The Federal Food Drug and Cosmetic Act (FDCA) and the Food and Drug Administration (FDA) regulations define the term drug, in part, by reference to its intended use, as an article “intended for use in the diagnosis, cure, mitigation, treatment, or prevention of disease” and “intended to affect the structure or any function of the body of man or other animals.” Therefore, products claiming to do any of these will be regulated by FDA as a drug, whether ingested, applied topically, or injected.

There are many FDA requirements that apply to drugs that do not apply to foods, dietary supplements or cosmetics. However, the degree of FDA regulation depends upon the class of drug.
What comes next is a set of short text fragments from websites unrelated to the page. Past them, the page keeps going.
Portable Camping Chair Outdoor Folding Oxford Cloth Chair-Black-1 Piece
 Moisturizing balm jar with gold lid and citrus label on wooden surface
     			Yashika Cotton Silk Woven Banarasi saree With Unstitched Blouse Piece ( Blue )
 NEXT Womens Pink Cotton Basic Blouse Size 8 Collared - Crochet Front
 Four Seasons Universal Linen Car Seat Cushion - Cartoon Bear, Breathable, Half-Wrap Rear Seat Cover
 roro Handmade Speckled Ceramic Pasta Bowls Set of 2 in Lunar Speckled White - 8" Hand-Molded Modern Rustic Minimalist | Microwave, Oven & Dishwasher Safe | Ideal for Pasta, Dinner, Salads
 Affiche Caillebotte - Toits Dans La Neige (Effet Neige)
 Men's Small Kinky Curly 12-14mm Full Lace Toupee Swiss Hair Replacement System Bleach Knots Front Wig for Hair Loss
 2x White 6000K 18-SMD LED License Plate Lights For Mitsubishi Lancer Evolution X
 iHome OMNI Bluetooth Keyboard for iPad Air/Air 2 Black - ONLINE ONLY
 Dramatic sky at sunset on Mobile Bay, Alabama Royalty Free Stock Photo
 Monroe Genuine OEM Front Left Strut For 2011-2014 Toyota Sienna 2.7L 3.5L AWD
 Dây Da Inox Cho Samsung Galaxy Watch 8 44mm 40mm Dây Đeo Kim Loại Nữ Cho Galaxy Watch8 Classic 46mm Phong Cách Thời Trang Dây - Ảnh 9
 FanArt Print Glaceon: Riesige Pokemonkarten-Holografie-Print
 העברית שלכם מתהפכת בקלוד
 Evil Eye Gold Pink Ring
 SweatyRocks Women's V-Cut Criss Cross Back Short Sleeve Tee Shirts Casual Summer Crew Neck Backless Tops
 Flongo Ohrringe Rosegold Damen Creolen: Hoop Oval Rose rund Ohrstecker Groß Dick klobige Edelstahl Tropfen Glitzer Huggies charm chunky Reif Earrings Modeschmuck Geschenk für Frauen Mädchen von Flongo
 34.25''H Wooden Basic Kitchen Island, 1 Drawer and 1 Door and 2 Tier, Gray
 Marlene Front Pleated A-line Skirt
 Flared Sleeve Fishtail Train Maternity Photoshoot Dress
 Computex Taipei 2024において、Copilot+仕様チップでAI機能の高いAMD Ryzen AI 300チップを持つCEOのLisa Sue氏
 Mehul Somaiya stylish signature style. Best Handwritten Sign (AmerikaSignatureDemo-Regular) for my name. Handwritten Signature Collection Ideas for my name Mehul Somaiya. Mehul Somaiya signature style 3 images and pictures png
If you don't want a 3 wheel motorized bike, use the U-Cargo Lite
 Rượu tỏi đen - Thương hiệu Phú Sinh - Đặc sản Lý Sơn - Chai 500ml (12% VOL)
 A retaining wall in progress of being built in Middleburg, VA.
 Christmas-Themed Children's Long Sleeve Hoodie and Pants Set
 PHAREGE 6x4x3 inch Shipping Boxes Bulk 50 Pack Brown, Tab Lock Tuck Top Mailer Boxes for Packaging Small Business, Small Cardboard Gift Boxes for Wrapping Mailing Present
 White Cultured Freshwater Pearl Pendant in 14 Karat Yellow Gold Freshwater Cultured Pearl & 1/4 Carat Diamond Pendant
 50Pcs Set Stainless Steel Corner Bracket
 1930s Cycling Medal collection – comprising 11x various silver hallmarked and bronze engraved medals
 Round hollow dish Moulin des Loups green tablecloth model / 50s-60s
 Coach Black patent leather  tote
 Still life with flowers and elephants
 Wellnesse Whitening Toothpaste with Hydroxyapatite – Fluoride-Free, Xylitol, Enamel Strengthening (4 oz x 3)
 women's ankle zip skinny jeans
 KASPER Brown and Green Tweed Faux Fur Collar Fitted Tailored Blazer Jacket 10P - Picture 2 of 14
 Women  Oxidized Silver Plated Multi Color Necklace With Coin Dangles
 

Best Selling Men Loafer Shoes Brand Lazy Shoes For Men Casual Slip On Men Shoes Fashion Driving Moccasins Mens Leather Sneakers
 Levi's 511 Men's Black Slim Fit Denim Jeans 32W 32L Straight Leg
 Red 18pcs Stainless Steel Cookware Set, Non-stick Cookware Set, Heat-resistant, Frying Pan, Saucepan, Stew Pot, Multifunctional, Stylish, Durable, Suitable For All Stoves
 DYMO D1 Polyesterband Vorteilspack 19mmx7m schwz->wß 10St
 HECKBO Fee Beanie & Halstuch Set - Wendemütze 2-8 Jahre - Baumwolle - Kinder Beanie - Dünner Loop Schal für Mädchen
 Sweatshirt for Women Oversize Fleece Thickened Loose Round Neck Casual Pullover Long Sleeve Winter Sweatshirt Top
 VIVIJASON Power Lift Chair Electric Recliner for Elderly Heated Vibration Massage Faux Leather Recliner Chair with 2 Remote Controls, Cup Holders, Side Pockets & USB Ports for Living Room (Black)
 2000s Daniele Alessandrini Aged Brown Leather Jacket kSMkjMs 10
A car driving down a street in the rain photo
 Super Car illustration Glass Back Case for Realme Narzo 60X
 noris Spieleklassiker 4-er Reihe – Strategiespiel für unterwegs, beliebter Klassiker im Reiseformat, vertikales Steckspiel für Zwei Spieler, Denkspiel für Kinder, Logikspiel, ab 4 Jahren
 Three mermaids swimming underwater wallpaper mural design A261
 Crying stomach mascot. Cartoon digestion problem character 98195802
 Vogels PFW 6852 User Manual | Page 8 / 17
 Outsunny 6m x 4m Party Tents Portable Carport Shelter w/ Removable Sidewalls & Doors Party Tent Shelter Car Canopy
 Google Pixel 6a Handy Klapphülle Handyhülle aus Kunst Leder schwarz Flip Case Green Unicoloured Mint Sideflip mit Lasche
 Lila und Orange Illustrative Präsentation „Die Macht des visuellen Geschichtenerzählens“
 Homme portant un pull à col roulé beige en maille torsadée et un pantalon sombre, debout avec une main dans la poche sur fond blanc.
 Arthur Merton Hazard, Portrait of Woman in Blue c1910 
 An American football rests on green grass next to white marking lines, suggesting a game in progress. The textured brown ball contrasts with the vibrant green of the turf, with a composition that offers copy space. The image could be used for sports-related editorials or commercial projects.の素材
Over the counter (OTC) monographs and Homeopathic Pharmacopeia face less stringent requirements than other types of drugs.

Before sale in or importation into the U.S. all drugs must be:

  1. Established as safe and effective for their intended uses;
  2. Properly formulated, and not adulterated;
  3. Properly labeled, and marketed within established FDA regulations;
  4. And manufactured, processed, packed, and labeled in facilities that are registered.

FDA inspectors regularly stop and examine imported drug shipments. Drugs that are not in compliance with all FDA regulations or are from unregistered drug facilities will be subject to detention, import alerts, and refusal of admission.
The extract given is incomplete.